T.H. Marshall defined citizenship as a status bestowed on those who are full members of a community. All who possess the status are equal with respect to the rights and duties with which the status is endowed,” (1950, pp. 28-9). Citizenship both defines the legal rules and social rules by which society is governed (Lister, 1997, p. 29 ) and is viewed as an ideal type, presuming a largely legal relationship between an individual and a single nation-state (Bakan and Stasiulis, 1997, p. 113). To be a citizen is to be legally and socially accepted into the state society and therefore, to be a non citizen is to be excluded from the rights and privileges enjoyed by its citizens, representing the exclusionary power of the state.

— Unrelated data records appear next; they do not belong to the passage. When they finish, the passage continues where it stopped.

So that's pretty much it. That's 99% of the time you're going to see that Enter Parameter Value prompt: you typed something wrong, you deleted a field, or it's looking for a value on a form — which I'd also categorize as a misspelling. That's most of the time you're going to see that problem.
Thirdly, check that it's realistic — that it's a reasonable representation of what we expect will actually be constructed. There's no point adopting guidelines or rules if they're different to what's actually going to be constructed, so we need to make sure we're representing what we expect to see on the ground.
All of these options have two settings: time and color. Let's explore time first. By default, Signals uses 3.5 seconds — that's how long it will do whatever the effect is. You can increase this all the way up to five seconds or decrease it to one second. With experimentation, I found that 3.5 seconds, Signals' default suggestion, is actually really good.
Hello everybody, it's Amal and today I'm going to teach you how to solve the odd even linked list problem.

This traditionally accepted conceptualisation of definition is seemingly gender-neutral. However, the public sphere is largely masculine dominated arena and by extension, citizenship has also been male-dominated. Where now an outsider may refer to the citizenship of migrants and asylum seekers, this status was once reserved for women, as women have long been excluded from the public sphere and civic duty. Though the majority of the world now allows women the right to vote, this is only a minimal level of civic participation. What is required for full participation is an active citizenship which allows for gender differences to be recognised as relevant and integral to the constitution of society. By engendering border studies, we are recognising that the state itself must pay attention to the way gender impacts individuals, both men and women, in terms of status and access to resources, political participation and the formation and implementation of state policies. Feminist perspectives require a reconceptualisation of citizenship that takes into account the meanings and practices which stem from the status of a citizen or a non-citizen based on women’s everyday life experiences (ibid, pp. 7-8).

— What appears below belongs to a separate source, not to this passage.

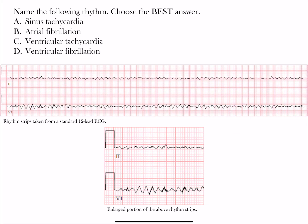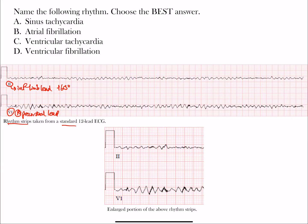Hopefully you had a chance to go through this and choose your best choice. So let's look at what we have here. We have lead II, which is an inferior limb lead sitting at positive 60 degrees, and lead V1, which is a right precordial lead. These two rhythm strips are taken from a standard 12-lead ECG. Down here I'm showing you the same leads enlarged so you can see the small boxes, which may help with determining rate or looking for different intervals.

Margaret Abraham et al (2010) highlight three strands of conceptualisation by which the discourse on citizenship has evolved with respect to gender. First, there is the notion of a “gender-neutral citizen where women are conceived as equal with men with equal rights and equal obligations;” second, “the gender-differentiated citizen where women are conceived as different from men based on their varied experiences from those of men” and finally, “the gender-pluralist citizen: women and men are conceived as members of multiple groups and as such they hold multiple identities that cannot be reduced to one position” (2010, pp. 9-10). These different approaches shed light on the way in which citizenship can be reconceptualised in order to take into account women’s perspectives and experiences. However, the problem for us is that even these conceptualisations still work within the public sphere; they just seek to include women within it. What we need to do is establish a more inclusive definition of citizenship which is sensitive to the private sphere and domesticity, encompassing the value of care (Knijn and Kremer, 1997, p. 331). Through doing so, we can enhance the understanding of the value of the work undertaken in the private sphere. When the value of the private sphere is held in the same regard as the public, those rights which fundamentally serve those in the public sphere and that are protected by citizenship can be extended to the private sphere.

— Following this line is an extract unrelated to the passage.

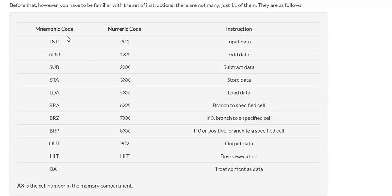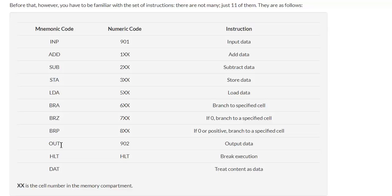We can see that in Little Man Computer there are only 11 instructions, so there are only 11 mnemonic codes. If I read down through them quickly, we've got INP, ADD, SUB, STA, LDA, BRA, BRZ, BRP, OUT, HOT, and DAT.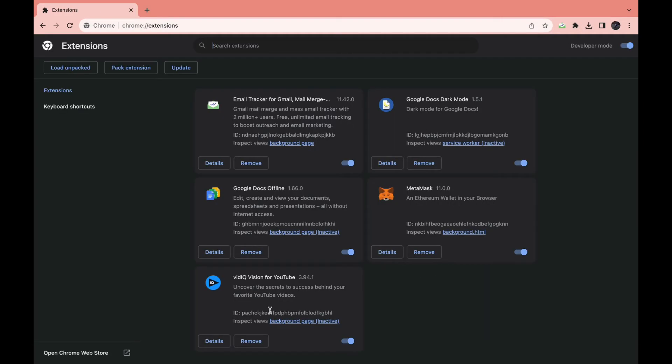Then you will see this page. In the bottom left you can see Open Chrome Web Store. Click on that.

Female migrant workers are at a midpoint between the public and private sphere, and thus the definition of citizenship places them as both and neither an insider and outsider simultaneously. As paid domestic service is a means through which citizenship status and the creation of new political identities can be assigned and negotiated (Momsen, 1999, p. 1), it is important that we identify the experiences of these workers and negotiated citizenship. We can then see how reconceptualisation of citizenship is necessary in order to understand and relieve female migrant workers from the experiences of inequality they continue to face.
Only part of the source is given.